◆ PROBLEM TO WORK ON:
Your answer is the lines below, exactly, from the one that contains "Priyanka Gandhi Vadra, general" through the one that contains "Habitación de hotel", both included.

◆ RECORDS:
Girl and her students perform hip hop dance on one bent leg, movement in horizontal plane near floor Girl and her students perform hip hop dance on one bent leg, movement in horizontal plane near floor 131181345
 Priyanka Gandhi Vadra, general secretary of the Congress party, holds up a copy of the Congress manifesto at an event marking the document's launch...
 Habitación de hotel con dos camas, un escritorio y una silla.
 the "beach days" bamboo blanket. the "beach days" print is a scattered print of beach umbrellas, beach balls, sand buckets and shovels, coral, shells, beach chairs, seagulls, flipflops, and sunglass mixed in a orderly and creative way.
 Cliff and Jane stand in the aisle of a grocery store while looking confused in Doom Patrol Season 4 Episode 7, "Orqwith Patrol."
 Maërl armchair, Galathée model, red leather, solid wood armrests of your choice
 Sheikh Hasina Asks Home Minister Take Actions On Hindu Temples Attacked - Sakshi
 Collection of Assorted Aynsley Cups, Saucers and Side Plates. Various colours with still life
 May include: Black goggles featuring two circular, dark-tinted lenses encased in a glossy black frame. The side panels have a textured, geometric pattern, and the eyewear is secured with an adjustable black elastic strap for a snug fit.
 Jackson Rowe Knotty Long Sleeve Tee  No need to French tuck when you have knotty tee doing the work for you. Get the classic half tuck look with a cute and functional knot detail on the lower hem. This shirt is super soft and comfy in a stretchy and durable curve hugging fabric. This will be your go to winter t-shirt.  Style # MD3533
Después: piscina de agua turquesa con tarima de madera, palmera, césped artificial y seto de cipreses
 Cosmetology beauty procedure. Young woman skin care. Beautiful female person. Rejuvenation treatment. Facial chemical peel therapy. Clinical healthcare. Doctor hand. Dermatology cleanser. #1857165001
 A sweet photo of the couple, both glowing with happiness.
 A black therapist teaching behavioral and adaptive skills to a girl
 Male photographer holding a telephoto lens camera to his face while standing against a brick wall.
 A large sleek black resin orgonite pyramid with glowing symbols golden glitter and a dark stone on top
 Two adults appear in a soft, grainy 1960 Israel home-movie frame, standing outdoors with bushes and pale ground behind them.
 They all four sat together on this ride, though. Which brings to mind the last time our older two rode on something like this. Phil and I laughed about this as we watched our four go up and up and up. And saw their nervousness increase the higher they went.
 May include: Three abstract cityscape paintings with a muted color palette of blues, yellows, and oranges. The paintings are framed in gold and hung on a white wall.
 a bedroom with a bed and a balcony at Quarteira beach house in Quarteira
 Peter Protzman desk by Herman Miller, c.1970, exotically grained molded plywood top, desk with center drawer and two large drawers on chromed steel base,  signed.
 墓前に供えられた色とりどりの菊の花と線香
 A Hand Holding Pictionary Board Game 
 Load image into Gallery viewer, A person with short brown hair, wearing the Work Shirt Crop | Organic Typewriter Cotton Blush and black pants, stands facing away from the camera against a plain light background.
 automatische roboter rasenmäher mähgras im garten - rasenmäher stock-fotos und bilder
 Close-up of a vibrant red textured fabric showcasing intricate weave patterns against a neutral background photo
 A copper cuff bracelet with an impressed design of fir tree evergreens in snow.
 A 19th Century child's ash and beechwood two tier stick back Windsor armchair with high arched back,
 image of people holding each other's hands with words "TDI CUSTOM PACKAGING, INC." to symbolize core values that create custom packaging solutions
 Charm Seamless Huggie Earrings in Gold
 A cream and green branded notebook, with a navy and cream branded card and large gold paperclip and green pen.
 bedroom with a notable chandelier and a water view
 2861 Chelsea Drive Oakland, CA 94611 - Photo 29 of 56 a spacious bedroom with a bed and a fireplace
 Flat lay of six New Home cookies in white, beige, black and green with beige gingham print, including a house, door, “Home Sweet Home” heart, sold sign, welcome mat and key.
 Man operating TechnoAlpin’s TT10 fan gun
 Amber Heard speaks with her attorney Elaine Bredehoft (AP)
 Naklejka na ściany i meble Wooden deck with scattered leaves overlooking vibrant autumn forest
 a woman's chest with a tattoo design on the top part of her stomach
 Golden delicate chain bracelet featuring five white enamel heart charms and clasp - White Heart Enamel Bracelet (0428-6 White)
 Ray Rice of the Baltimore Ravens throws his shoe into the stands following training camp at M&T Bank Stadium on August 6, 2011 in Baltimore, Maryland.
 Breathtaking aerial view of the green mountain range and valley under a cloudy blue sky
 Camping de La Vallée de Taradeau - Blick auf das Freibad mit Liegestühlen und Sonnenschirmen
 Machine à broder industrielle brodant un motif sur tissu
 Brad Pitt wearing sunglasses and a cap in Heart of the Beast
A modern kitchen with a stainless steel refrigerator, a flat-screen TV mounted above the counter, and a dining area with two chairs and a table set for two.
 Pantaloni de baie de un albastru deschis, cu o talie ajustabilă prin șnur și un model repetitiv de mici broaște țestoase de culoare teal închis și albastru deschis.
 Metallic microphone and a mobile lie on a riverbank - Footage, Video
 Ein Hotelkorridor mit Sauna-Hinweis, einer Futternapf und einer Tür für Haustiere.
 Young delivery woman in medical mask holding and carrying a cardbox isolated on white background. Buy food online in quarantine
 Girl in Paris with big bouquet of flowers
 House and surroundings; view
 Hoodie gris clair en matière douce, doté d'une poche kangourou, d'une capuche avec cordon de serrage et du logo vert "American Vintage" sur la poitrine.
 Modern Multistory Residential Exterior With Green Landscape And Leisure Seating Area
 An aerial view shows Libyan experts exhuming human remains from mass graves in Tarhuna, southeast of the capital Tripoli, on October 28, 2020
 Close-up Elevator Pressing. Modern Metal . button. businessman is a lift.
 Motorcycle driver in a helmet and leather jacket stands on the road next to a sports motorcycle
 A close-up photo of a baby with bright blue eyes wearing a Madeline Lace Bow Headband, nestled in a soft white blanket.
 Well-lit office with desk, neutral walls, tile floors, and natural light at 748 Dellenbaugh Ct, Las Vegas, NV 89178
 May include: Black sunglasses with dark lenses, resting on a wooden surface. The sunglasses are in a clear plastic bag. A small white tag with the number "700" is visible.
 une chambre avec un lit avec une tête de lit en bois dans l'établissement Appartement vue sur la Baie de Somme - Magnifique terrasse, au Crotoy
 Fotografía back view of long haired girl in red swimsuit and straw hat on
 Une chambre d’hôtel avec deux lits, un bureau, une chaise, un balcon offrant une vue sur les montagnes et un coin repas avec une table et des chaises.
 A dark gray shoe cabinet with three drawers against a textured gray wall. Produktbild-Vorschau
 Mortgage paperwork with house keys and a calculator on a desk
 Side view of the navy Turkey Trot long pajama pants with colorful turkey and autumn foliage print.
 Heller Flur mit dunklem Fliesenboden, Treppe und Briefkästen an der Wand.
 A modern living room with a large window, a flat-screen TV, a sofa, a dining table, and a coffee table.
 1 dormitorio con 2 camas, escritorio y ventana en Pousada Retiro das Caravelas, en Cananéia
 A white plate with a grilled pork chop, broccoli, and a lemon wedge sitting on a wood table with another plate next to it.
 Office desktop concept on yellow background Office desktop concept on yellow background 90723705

◆ TASK RESULT:
 Priyanka Gandhi Vadra, general secretary of the Congress party, holds up a copy of the Congress manifesto at an event marking the document's launch...
 Habitación de hotel con dos camas, un escritorio y una silla.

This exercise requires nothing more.